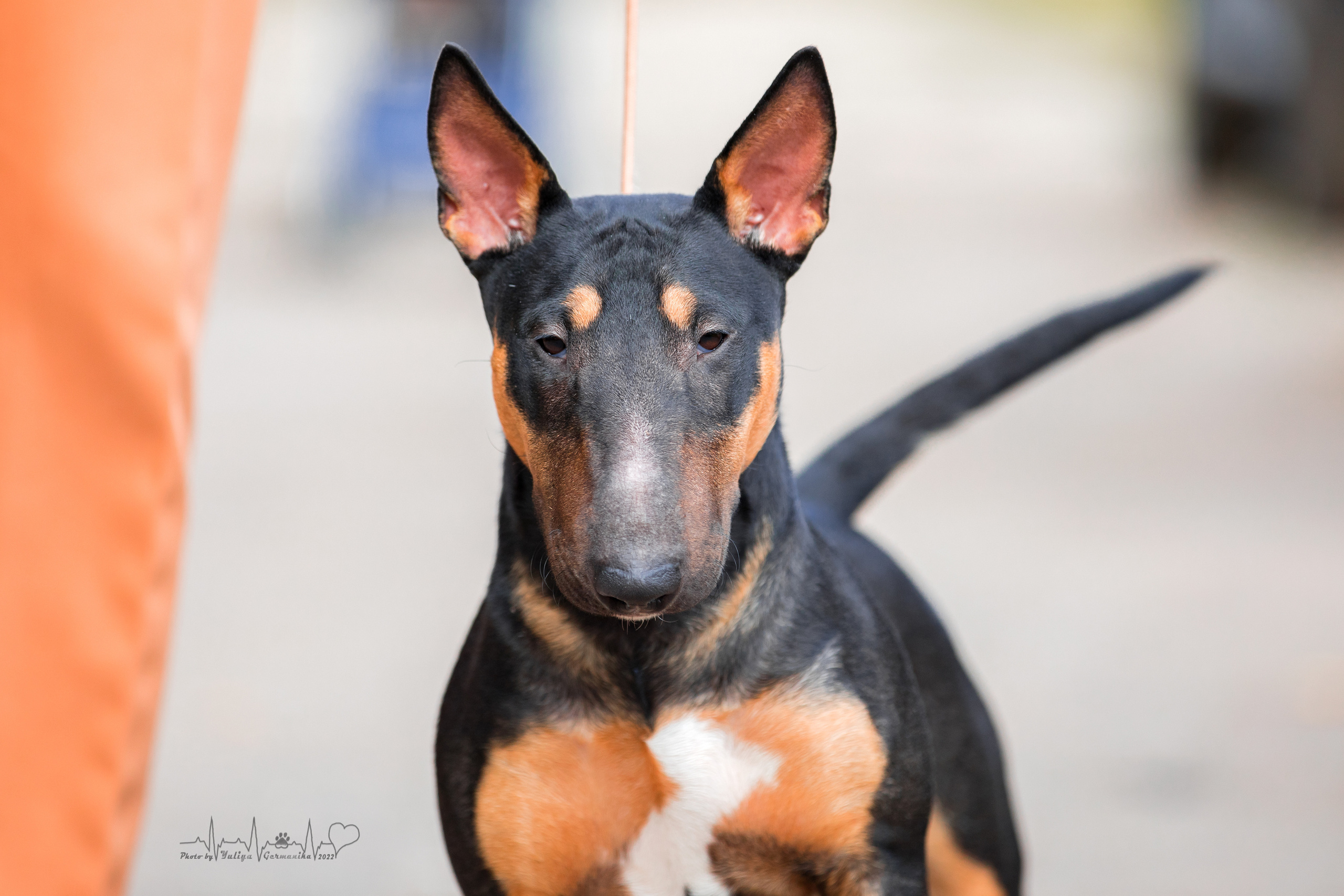 Тверь ЧРКФ 18.09.2022. Фотограф-анималист Юлия Германика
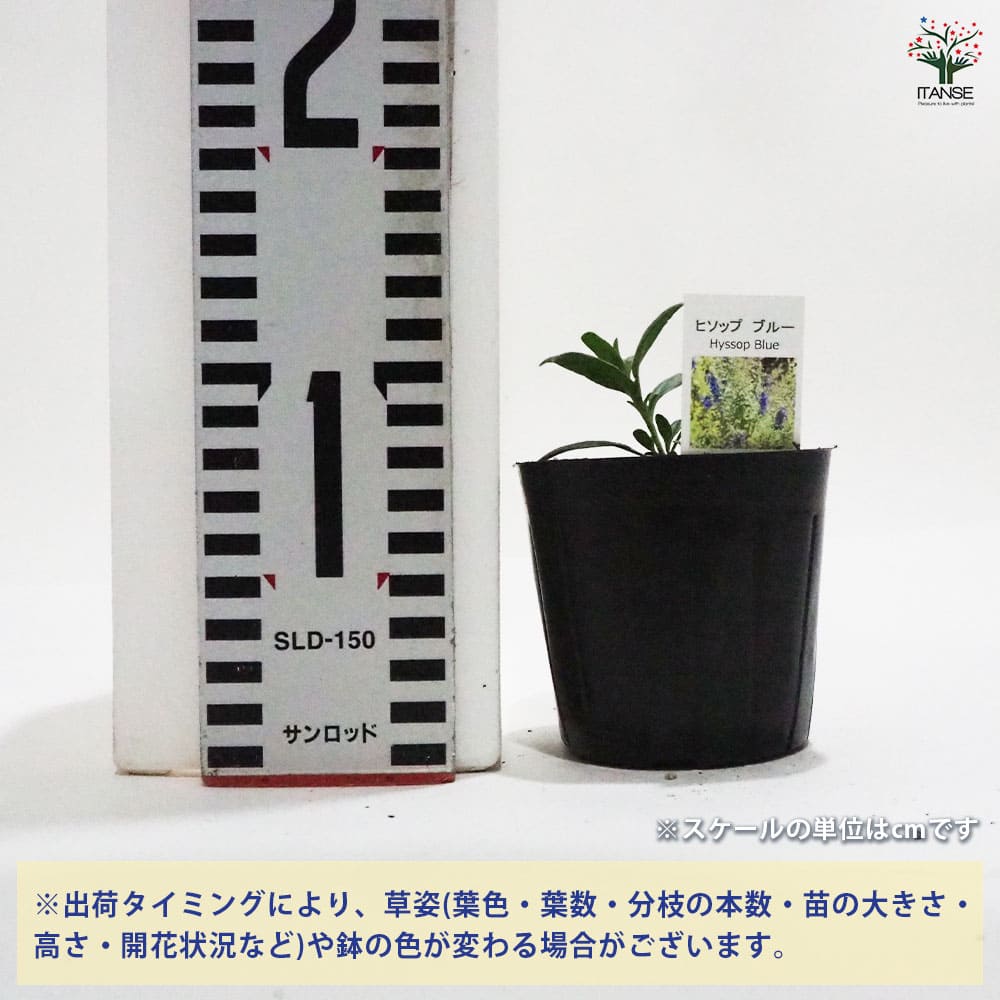 ヒソップ ブルー 【ハーブの苗 9cmポット】｜ 【植物のITANSE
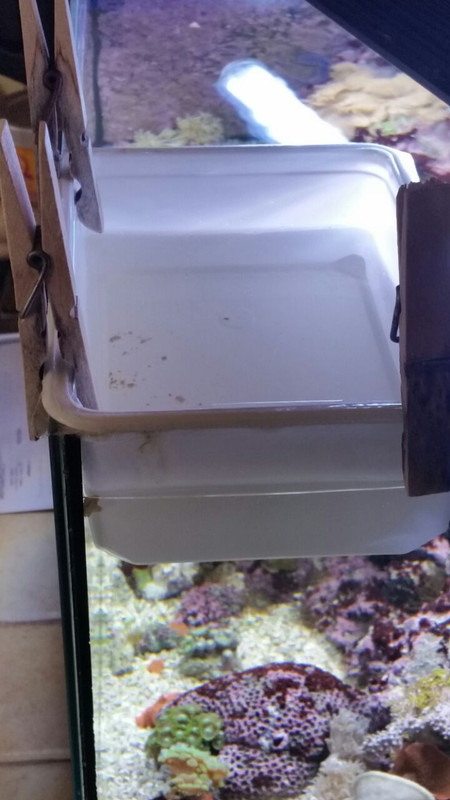 ApmsLGVeJ4QU5qtQ7cZ1EkP24NKSmoCLKxLk-0hboCfn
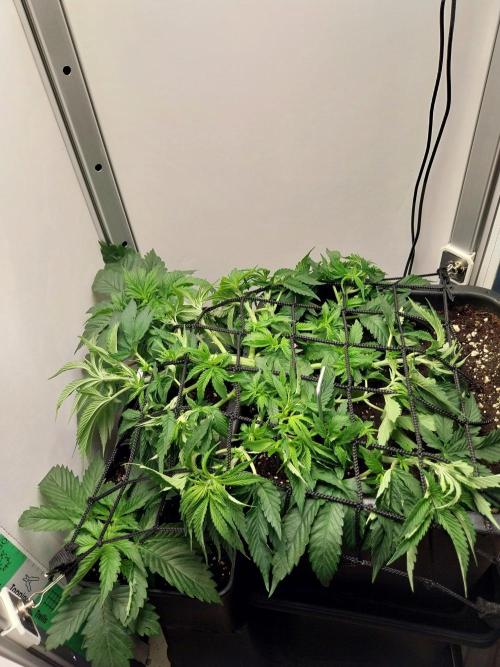 White coconut pie. Week 4
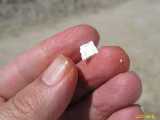 Click to see IMG_0469c.jpg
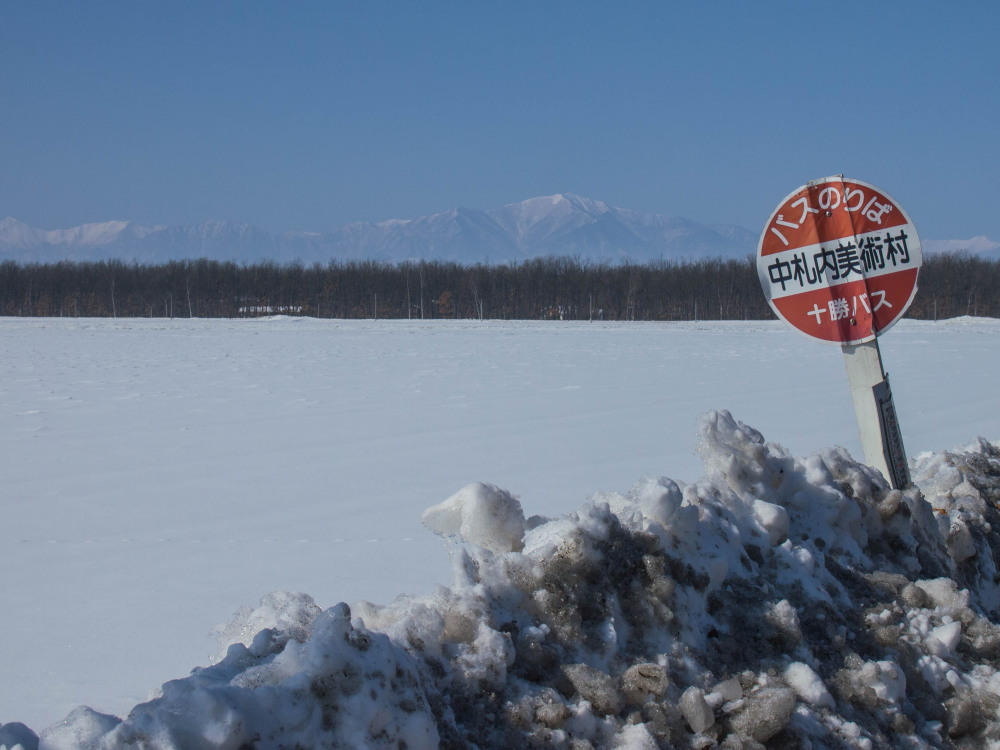 北の大地を走る”幸福(しあわせ)の黄色いバス”の旅_f0276498_21535525.jpg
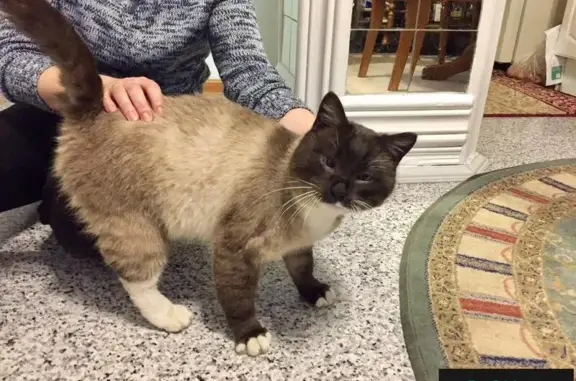 Найден сиамский кот с раной лапкой в Митино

◆ **What to do**: Begin at the line containing "White coconut pie. Week 4" and stop at the last line of the data. Repeat only those lines, exactly, and leave out the pictures.

◆ **Problem solution**:
 White coconut pie. Week 4
 Click to see IMG_0469c.jpg
 北の大地を走る”幸福(しあわせ)の黄色いバス”の旅_f0276498_21535525.jpg
 Найден сиамский кот с раной лапкой в Митино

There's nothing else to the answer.